▸ **Records supplied**
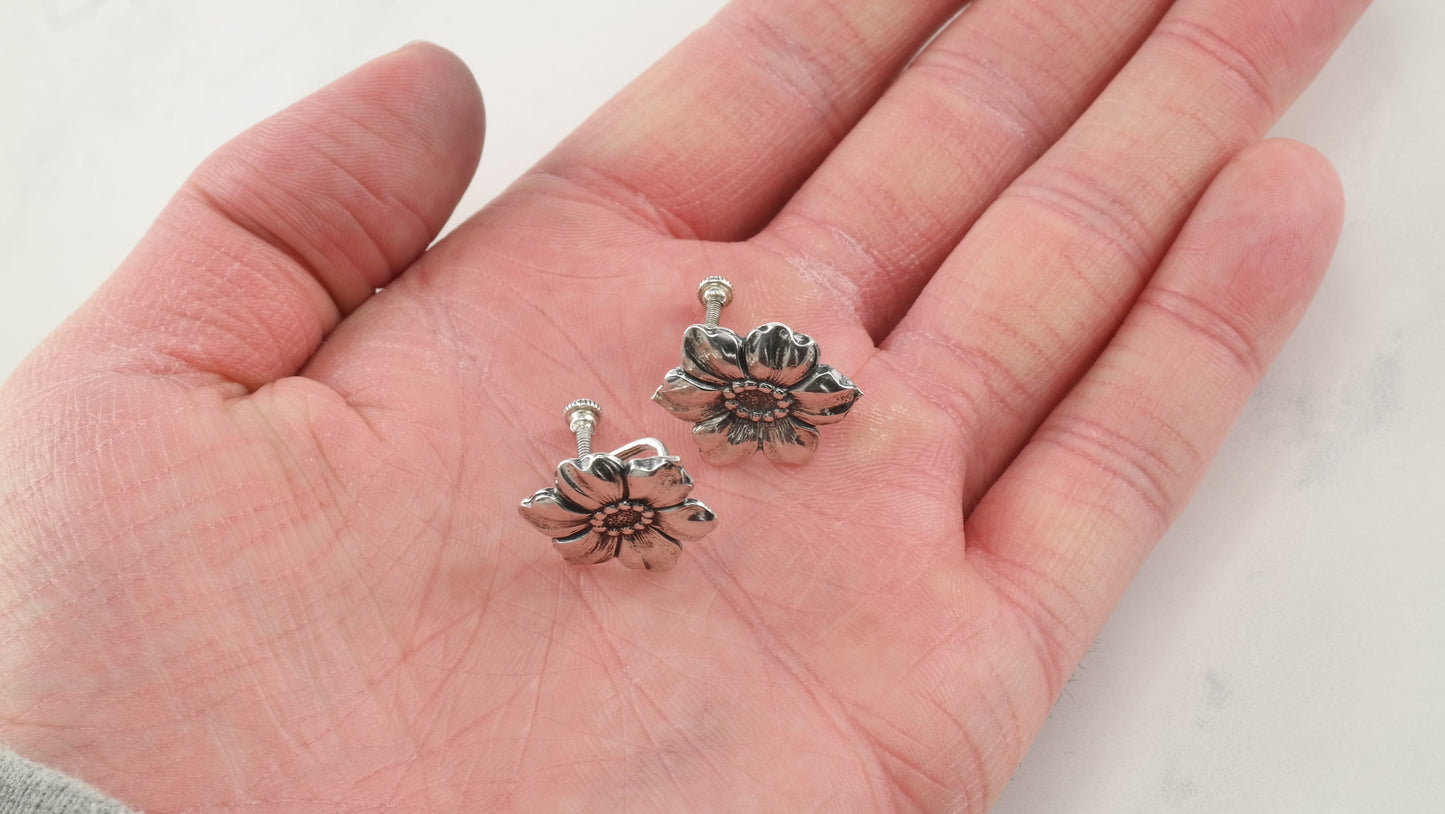 Art Nouveau Silver Flower Earrings Screw Back Clip-On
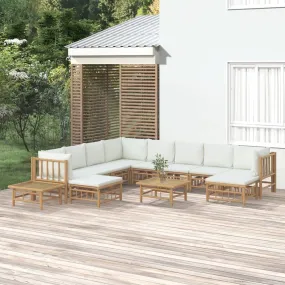 12 Piece Patio Lounge Set with Cream White Cushions Bamboo
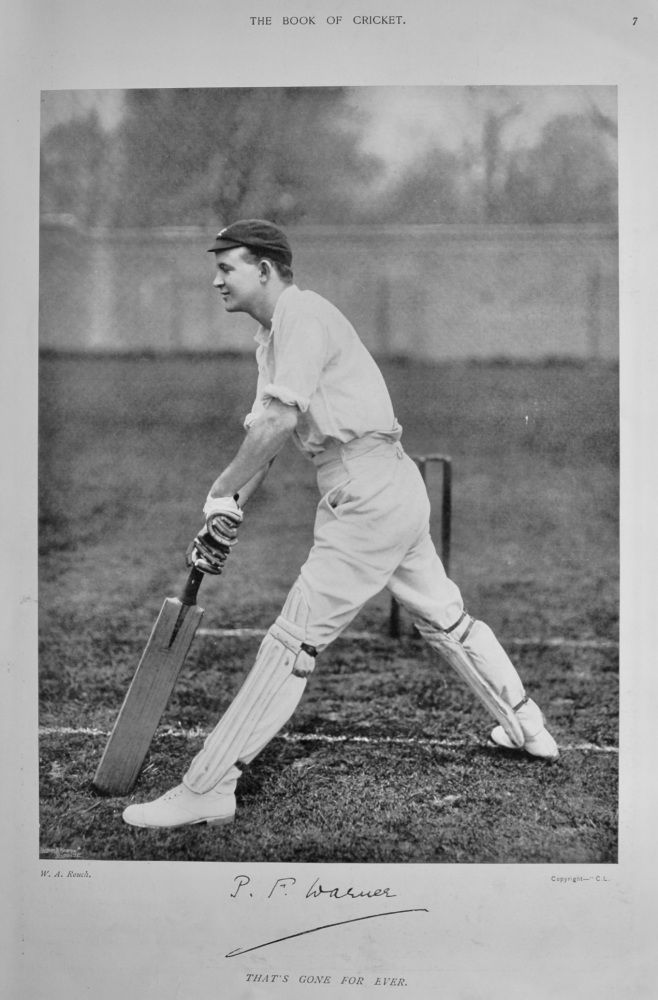 Pelham Francis Warner.  1899.  (Cricketer).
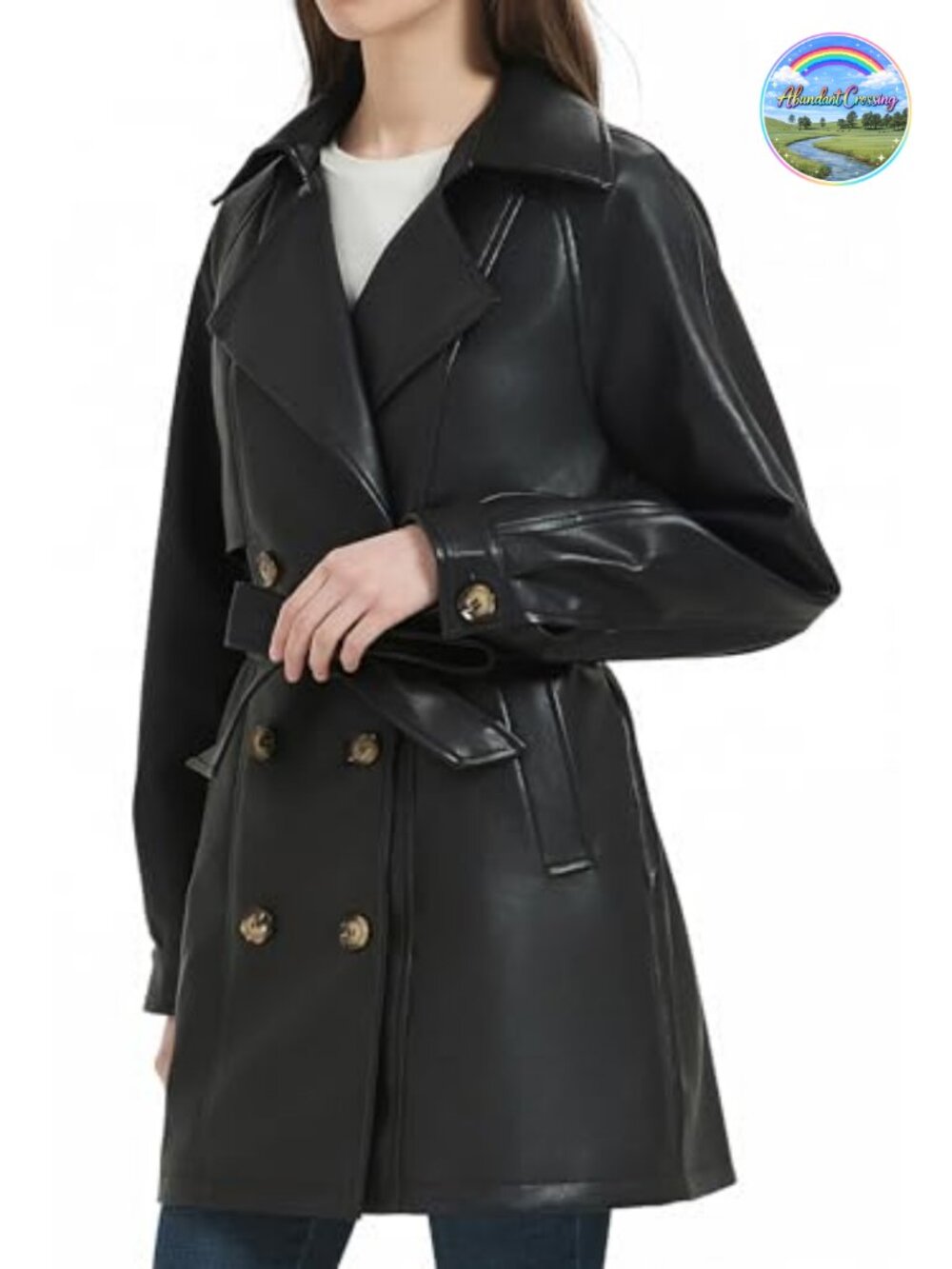 Faux Leather Trench Coat Mid Length Relaxed Fit Double Breasted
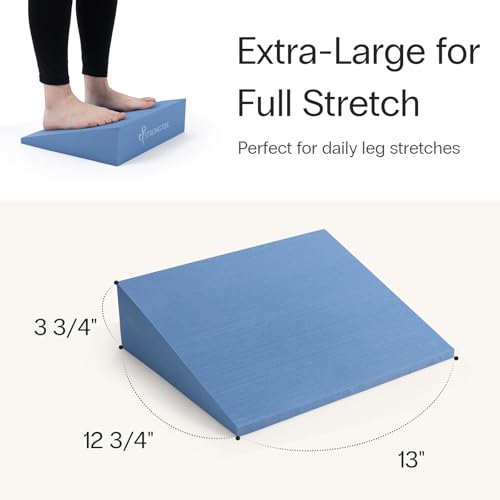 image for StrongTek XL Foam Yoga Wedge Blocks, Blue, Set of 2, 16.5° Incline, 1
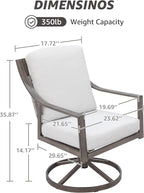 NATURAL EXPRESSIONS Outdoor Swivel Patio Dining Chairs Set of 2, Rocking Patio Chairs with Hand Brushed Wood Grain Finish for Poolside Lawn Garden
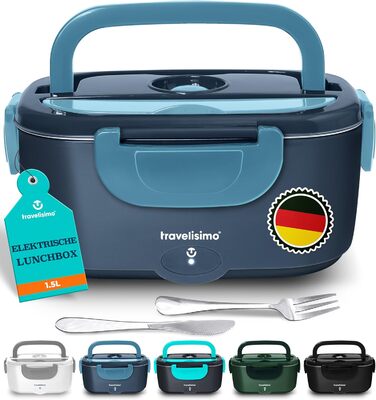 Electric Lunch Box 80W Food Container, Warm Lunch, 1.5L Food Warmer Box 3-in-1 Electric Lunch Box 12V/24V/220V, Portable Food Heater for Work, Car, Truck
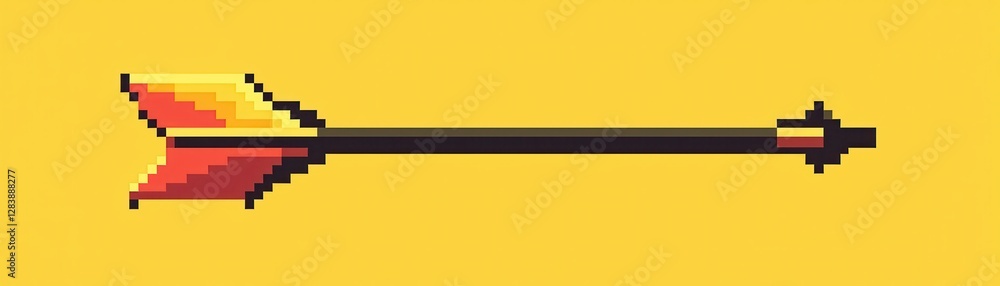 Fototapeta premium Pixel Art Arrow Red and Gold Game Asset 8 bit Style Retro Design Element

▸ **Exercise directions**
Any pictures are to be skipped, and the lines from the beginning of the entries through the line with "Faux Leather Trench" copied exactly.

▸ **Expected answer**
 Art Nouveau Silver Flower Earrings Screw Back Clip-On
 12 Piece Patio Lounge Set with Cream White Cushions Bamboo
 Pelham Francis Warner.  1899.  (Cricketer).
 Faux Leather Trench Coat Mid Length Relaxed Fit Double Breasted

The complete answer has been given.